Thursday, October 30, 2014

Red Rock Canyon National Conservation Area

Thursday, October 9, 2014

Well, I was impressed by the Valley of Fire State Park to the east of Las Vegas. But Red Rock Canyon National Conservation Area on the west side of Vegas left me speechless. Now, I hate to say this after visiting such a beautiful place, but I left my camera in the hotel room, so I did not get any pictures. But follow the links provided at the bottom of this entry and you'll be able to see pictures others have taken, and all of them will be much better than anything I can take.

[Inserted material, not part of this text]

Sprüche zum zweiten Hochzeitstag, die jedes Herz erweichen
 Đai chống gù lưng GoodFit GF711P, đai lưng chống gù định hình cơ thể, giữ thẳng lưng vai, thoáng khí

First of all, getting to Red Rock Canyon was a bit troublesome for me. I consulted Google Maps for the location and found the park to be located on Red Rock Parkway, sometimes called Blue Diamond Parkway. So, with this information in hand, Donna and I left Sam’s Town on the Boulder Highway, took Flamingo west across the Strip to the west side of town, where we hopped on the 215 and headed north for a short distance. There was never any sign with the above roads named. I did, however, notice a smaller brown park sign indicating I needed to take exit 26 to get to Red Rock Canyon. So, I took the exit, but there was no sign at the intersection there. But we felt sure this was the road (Charleston Avenue). So, we headed west out of town on Charleston through attractive new residential sections. The multilane road soon gave way to a two-lane highway, and the entrance to the park is just a few miles farther down the road.

Caution: bicycle riders were out in force on the day we visited the park, even though it was only Thursday. Please watch for them.

As you approach the park, you know you are in for a treat for the colors of the hills ahead of you come to life.

As with the Valley of Fire, this park is well-maintained and well-planned. The park is huge, almost 200,000 acres. After you enter the park, pass through the multi-booth pay station. We were able to use our senior National Parks Pass (which only cost us $10 at the time we bought it and is good for life) to gain free admittance to the park. Without a pass, the daily fee is $7. 

Just inside the pay station is a Visitor Center. From this point on, this is a one-way road moving in a counter-clockwise direction. This scenic loop road of about 13 miles loops up the east side of the canyon then curves to come back along the west side of the canyon. It only covers a fraction of the park.

There are numerous points of interest along the loop, many with restrooms and picnic facilities. Hiking trails are abundant. Speed limit tops out at 35 mph although many stretches are greatly reduced. Watch for bike riders throughout the loop.

We hope to return some day and do a bit of hiking. According to the literature we picked up at the gate, there are 19 trails in the park, ranging from .75 miles to 6 miles. Hike ratings vary from easy to strenuous. There are also more than 2,000 rock climbing routes available. In fact, it is one of the top 5 rock climbing destinations in the country.